TeX and LaTeX are typesetting languages. 'tex' and 'latex' are the names of the commands to interpret the TeX or LaTeX languages. They turn the text into a DVI file, which is then usually turned into a PDF file with 'dvipdf' ('pdflatex' directly produces a PDF file). Like a compiler turns a source code into an executable binary.

LaTeX can be considered a superset of TeX, like C++ is a superset of C. You certainly want to learn LaTeX and not TeX. For the same reason that you should styles in LibreOffice: in LaTeX, you write what you want and not how to do it (as in TeX), hence focusing on the content.

LaTeX is extensible with packages, the equivalent of a libraries in a programming language. And there exist many fonts. And independent tools (e.g., BiBTeX for formatting references). The so-called LaTeX distribution group all that in a coherent whole. You want to rely on the "TeX Live" distribution. It is the best LaTeX distribution, it is packaged in Trisquel in many parts.

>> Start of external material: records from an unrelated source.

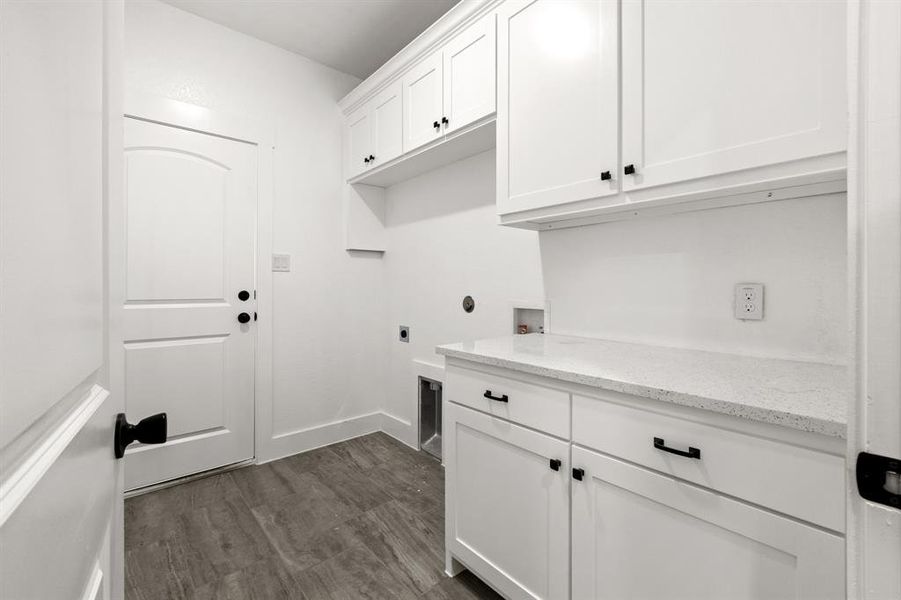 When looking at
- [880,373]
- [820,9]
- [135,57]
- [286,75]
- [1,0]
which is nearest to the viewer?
[1,0]

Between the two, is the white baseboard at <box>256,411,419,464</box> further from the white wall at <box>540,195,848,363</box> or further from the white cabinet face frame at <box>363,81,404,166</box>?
the white cabinet face frame at <box>363,81,404,166</box>

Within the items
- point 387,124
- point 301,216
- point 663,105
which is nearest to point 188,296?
point 301,216

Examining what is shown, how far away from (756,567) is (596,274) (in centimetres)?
114

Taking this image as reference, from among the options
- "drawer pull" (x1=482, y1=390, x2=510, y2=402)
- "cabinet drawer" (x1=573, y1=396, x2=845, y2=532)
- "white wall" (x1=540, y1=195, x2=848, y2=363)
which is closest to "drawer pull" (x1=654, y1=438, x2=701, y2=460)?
"cabinet drawer" (x1=573, y1=396, x2=845, y2=532)

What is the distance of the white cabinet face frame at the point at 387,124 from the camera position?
2.36 meters

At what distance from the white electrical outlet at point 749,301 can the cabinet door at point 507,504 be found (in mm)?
785

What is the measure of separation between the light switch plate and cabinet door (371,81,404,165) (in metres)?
0.89

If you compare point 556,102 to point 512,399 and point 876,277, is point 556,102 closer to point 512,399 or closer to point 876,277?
point 512,399

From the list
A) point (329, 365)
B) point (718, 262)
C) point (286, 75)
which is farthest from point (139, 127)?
→ point (718, 262)

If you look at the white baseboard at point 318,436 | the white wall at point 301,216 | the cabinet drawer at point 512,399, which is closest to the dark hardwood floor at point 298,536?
the white baseboard at point 318,436

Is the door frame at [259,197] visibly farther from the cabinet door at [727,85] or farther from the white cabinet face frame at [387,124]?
the cabinet door at [727,85]

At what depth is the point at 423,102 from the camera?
217 centimetres

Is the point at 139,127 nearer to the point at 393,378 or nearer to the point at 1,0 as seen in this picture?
the point at 393,378

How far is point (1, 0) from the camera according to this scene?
0.22m
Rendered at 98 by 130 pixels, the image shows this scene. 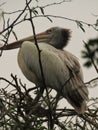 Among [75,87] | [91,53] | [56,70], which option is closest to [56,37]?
[56,70]

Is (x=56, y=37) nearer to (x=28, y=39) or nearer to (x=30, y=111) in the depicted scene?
(x=28, y=39)

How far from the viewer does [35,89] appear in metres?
5.71

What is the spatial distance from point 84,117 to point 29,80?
2.13 m

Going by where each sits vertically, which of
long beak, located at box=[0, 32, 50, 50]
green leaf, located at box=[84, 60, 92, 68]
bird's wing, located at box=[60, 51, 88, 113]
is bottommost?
green leaf, located at box=[84, 60, 92, 68]

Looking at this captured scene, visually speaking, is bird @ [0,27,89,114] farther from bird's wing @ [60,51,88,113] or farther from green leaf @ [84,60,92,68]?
green leaf @ [84,60,92,68]

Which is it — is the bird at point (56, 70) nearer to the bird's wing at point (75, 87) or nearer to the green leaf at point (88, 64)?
the bird's wing at point (75, 87)

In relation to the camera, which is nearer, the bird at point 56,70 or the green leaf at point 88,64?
the green leaf at point 88,64

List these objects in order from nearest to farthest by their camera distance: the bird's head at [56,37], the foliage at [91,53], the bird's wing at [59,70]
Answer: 1. the foliage at [91,53]
2. the bird's wing at [59,70]
3. the bird's head at [56,37]

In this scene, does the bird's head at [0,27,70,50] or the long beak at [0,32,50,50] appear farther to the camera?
the bird's head at [0,27,70,50]

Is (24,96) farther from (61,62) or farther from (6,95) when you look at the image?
(61,62)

In this way, you do not have to install all "TeX Live" to only use a tiny part of it. The "texlive" meta-package depends on a reasonable subset, i.e., triggers the installation of all the most popular packages. But there is "texlive-full" too, if you want.

To write the text that will be interpreted with 'latex' or 'pdflatex', you can use *any* text editor, like you can use any text editor to write in C++. However there are sorts of IDE or LaTeX. That is what we were discussing.